--- START ---
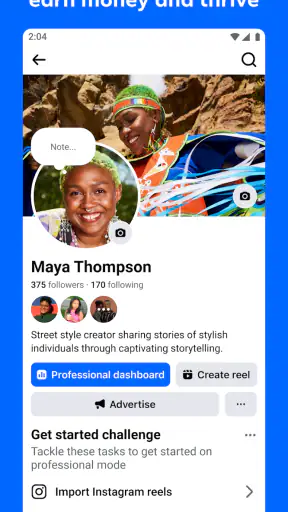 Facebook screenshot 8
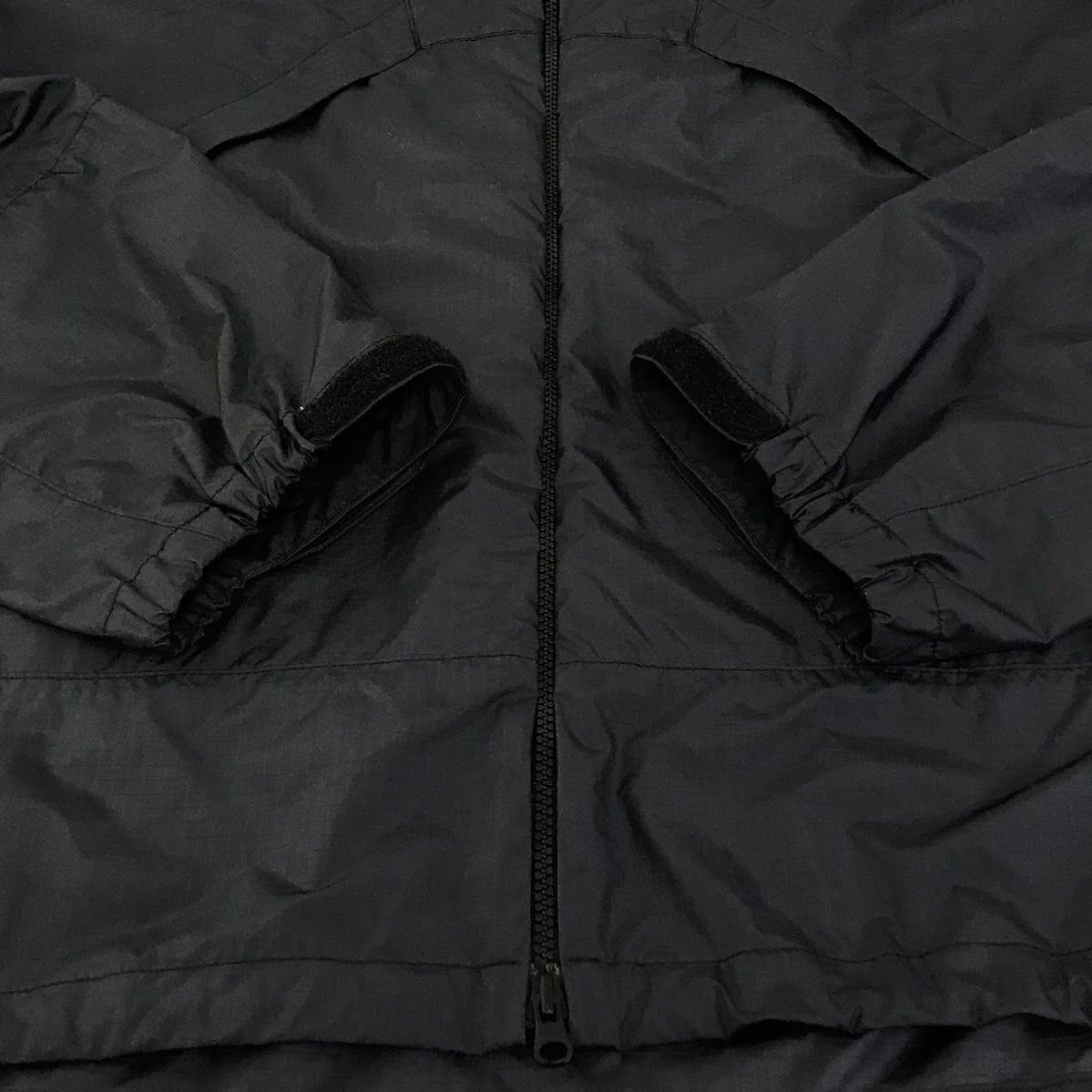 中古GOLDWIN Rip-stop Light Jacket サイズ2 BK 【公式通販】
--- END ---
--- START ---
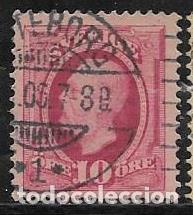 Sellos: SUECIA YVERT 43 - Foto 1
--- END ---
--- START ---
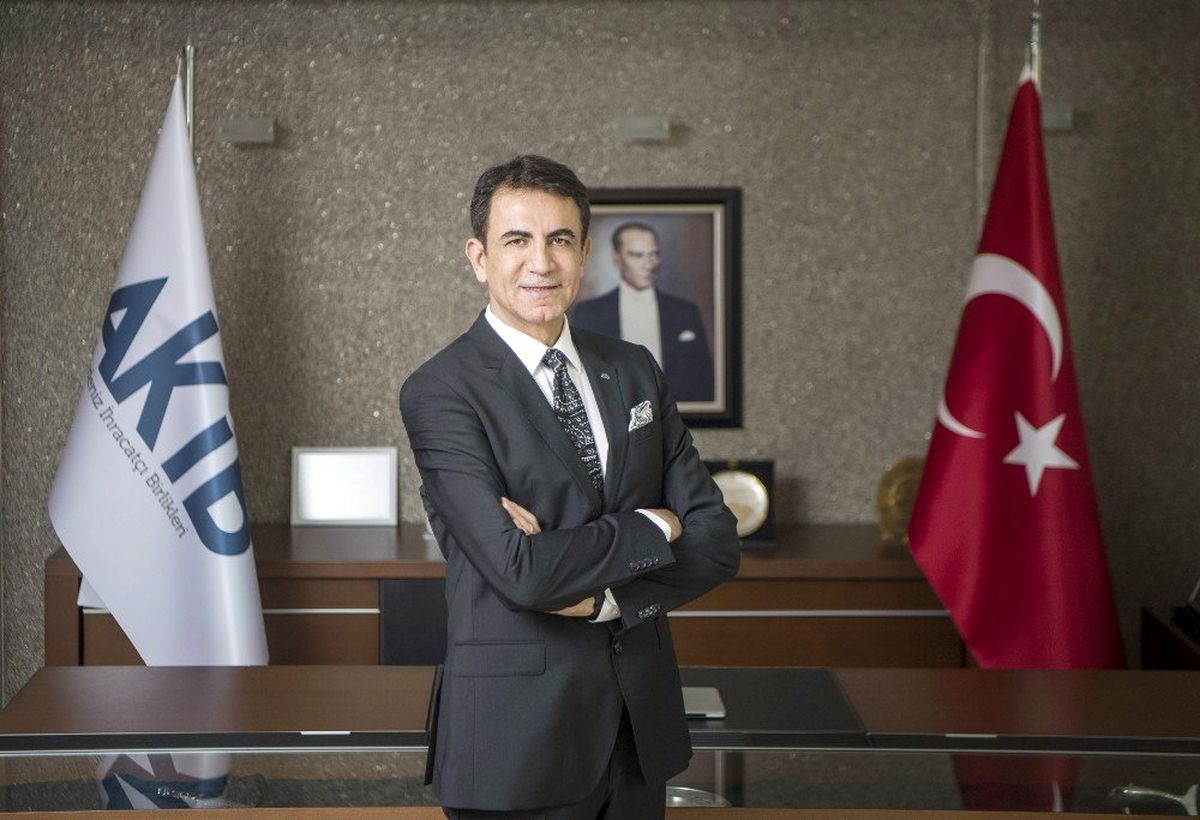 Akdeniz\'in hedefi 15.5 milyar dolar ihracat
--- END ---
▶ THE TASK: Everything above from the line that has "Facebook screenshot 8" down to the line that has "中古GOLDWIN Rip-stop Light" should be output exactly, with both of those lines included. Leave the pictures behind.

▶ ANSWER TO THE PROBLEM:
 Facebook screenshot 8
 中古GOLDWIN Rip-stop Light Jacket サイズ2 BK 【公式通販】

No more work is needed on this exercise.